OS DESCULPANTES VERSUS OS CULPABILIZANTES

Atualizado: 18 de fev. de 2021

Não estamos sozinhos no mundo, isso é uma fato incontestável. A vida é uma luta, uma tentativa de se impor uns sob os outros. Nessa trama da existência temos dois tipos de pessoas: as que sempre estão pedindo desculpas, os desculpantes; e, aquelas que sempre estão acusando, os culpabilizantes. Para Milan Kundera, esta disputa entre desculpantes e culpabilizantes acontece como resposta a essa luta de todos contra todos, lembrando a máxima hobbesiana “homem é lobo do homem”. Como estamos supostamente numa sociedade civilizada, as pessoas não vão simplesmente se atirarem umas sobre as outras como animais, apesar que na selvageria do transito das grandes cidades isso nem sempre é uma verdade. O romancista tcheco escreveu: “A vida é uma luta de todos contra todos. É sabido. Mas como essa luta acontece numa sociedade mais ou menos civilizada? As pessoas não podem se atirar umas sobre as outras sempre que se encontram. Em vez disso, tentam jogar no outro o constrangimento da culpabilidade. Ganhará aquele que conseguir tornar o outro culpado. Perderá aquele que reconhecer sua culpa. Você vai pela rua, mergulhado em pensamentos. Em sua direção vem uma moça, como se estivesse sozinha no mundo, sem olhar nem para a esquerda nem para a direita, indo direto em frente. Vocês se esbarram. Eis o momento da verdade. Quem vai insultar o outro, e quem vai se desculpar? É uma situação-modelo: Na realidade, cada um dos dois é ao mesmo tempo o que sofre o esbarrão e o que esbarrou. E, no entanto, há os que se consideram, imediatamente, espontaneamente, os que esbarraram, portanto culpados [são os desculpantes]. E há os outros, que se veem sempre, imediatamente, espontaneamente, como os que sofreram o esbarrão, portanto no direito de acusar o outro e de fazer com que este seja punido [são os culpabilizantes]” (KUNDERA, 2014, p.54).

Apesar da situação-modelo parecer simples e especifico, na vida estamos o tempo todo nos esbarrando uns nos outros.
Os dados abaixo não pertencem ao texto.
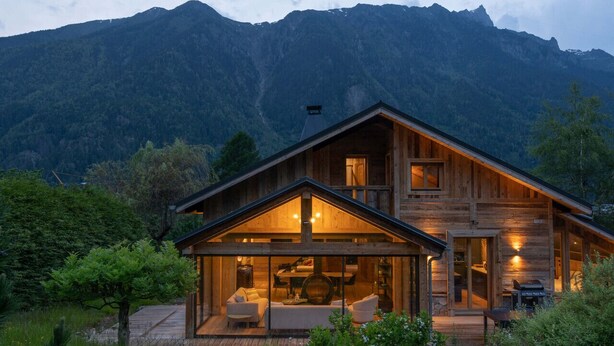 A wooden cabin with a large glass front, a deck, and a mountain backdrop.
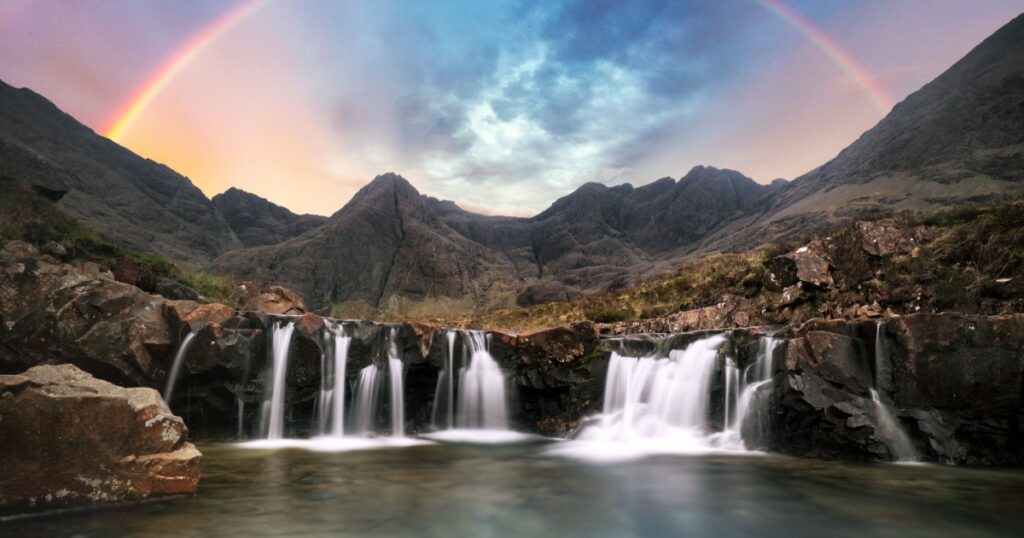 Scotland - Rainbow over Fairy pools waterfall in Isle of Skye, UK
Para o bem ou para o mau estamos nos encontrado com toda sorte de pessoas, e sempre as pessoas que estão acostumadas a acusar vão sempre acusar o outro como responsável pelas suas adversidades. Os culpabilizantes são ávidos e rápidos na arte de acusarem, nunca reconhecem suas falhas, nunca estão errados. São senhores da razão. São verdadeiros campos minados prestes a explodir a qualquer hora, pois se ofendem por tudo. Usam de sua força argumentativa para fazer o outro se sentir responsável pelo seu suposto sofrimento. Os culpabilizantes são insatisfeitos com sua existência e essa condição os transformam em pessoas que são facilmente sequestrados pelos sentimentos de ódio, rancor e mágoa. As pequenas coisas da vida os desestabilizam muito rápido, para quem olha de fora da situação e ouve os despautérios daquela pessoa pode até pensar que estamos próximos da terceira guerra mundial. Ao contrário destes, os desculpantes estão o tempo todo reconhecendo culpar, pois “quem se desculpa se declara culpado” (KUNDERA, 2014, p.54). Essa postura também é preocupante, uma vez que quando nos declaramos culpados estamos encorajando o outro a seguir nos injuriando, nos denunciando publicamente até esgotar sua fúria arrasadora. Os desculpantes não são vítimas, mas produzem seu próprio cadafalso quando assumem a responsabilidade da situação produzida pelo esbarrão. Muitas vezes a postura do desculpante de assumir a culpa é apenas uma forma de por um ponto final na situação de embaraço, mas as consequências do pedido de desculpas são muitas vezes fatais. Ele é enforcado no seu cadafalso da desculpa. Nem sempre, mas o exercito dos desculpantes são na maioria das vezes constituídos por pessoas que aparentemente são satisfeitas com a própria vida, porém são na verdade pessoas carentes que não medem esforços para se aproximar do outro assumindo humildemente a culpa pela situação. No fundo, os desculpantes pensam que vão agradar o outro com seu pedido de desculpa. Mas, muitas pessoas acreditam que eles são movidos muito mais pelo medo, pela covardia e pela fraqueza de enfrentar o outro. Mas, afinal, você é mais desculpante ou culpabilizante na vida?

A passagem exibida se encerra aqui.